Moore, Black, Presley and drummer D.J. Fontana became the Blue Moon Boys, and they toured the country and appeared on numerous television shows. Moore also served as Presley’s first manager. He played guitar on many of Presley’s most famous recordings, including “Good Rockin’ Tonight,” “Baby Let’s Play House,” “Mystery Train,” “Hound Dog” and “Jailhouse Rock.” Moore also appeared in three Presley films: Loving You, Jailhouse Rock and King Creole. Then, in March 1958, Moore and Black quit the band in a dispute over wages.
Moore then started his own label, Fernwood Records, and he produced “Tragedy,” by Thomas Wayne Perkins, the brother of Johnny Cash’s guitarist, Luther Perkins. In 1960, he began serving as the production manager at Sam Phillips’ Memphis Recording Service.

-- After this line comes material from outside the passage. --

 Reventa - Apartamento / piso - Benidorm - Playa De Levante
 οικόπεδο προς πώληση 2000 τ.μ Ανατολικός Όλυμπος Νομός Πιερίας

Moore moved to Nashville in 1964. That same year he released an album of instrumentals called The Guitar That Changed the World. In addition to working as an engineer and session musician, he played on many of Presley’s Nashville sessions at RCA’s Studio B. In 1966, Moore set up his own Nashville studio, Music City Recorders, and started a label called Belle Meade Records.
In 1968, Moore and Fontana rejoined Presley for the televised “comeback special” (bassist Black had died in 1965). The show was filmed at NBC’s Burbank studio in California. Two years later, Moore engineered Ringo Starr’s Beaucoup of Blues album for Apple Records.
In 1992, Moore returned to Memphis, where he recorded an album with Carl Perkins called 706 ReUnion: A Sentimental Journey. In 1994, he recorded an album with Sonny Burgess that was produced by Garry Tallent of Bruce Springsteen’s E Street Band. Three years later, he and Fontana reunited for an album entitled All the King’s Men that featured all-star backing by acolytes of the two Presley sideman, including Keith Richards, Jeff Beck, Ron Wood and Levon Helm.
Moore has continued to tour and record into the 21st Century. In April 1999, he toured the U.K., where he met George Harrison and Robert Plant. Four years later, in April 2003, he recorded an album with Alvin Lee of Ten Years After. And in 2007, he released two CDs, The Mighty Handful, Volumes I and II.
In 2002, Scotty Moore won the Orville H. Gibson Lifetime Achievement Award, and Rolling Stone magazine ranked him at Number 44 on its list of the 100 Greatest Guitarists of All Time.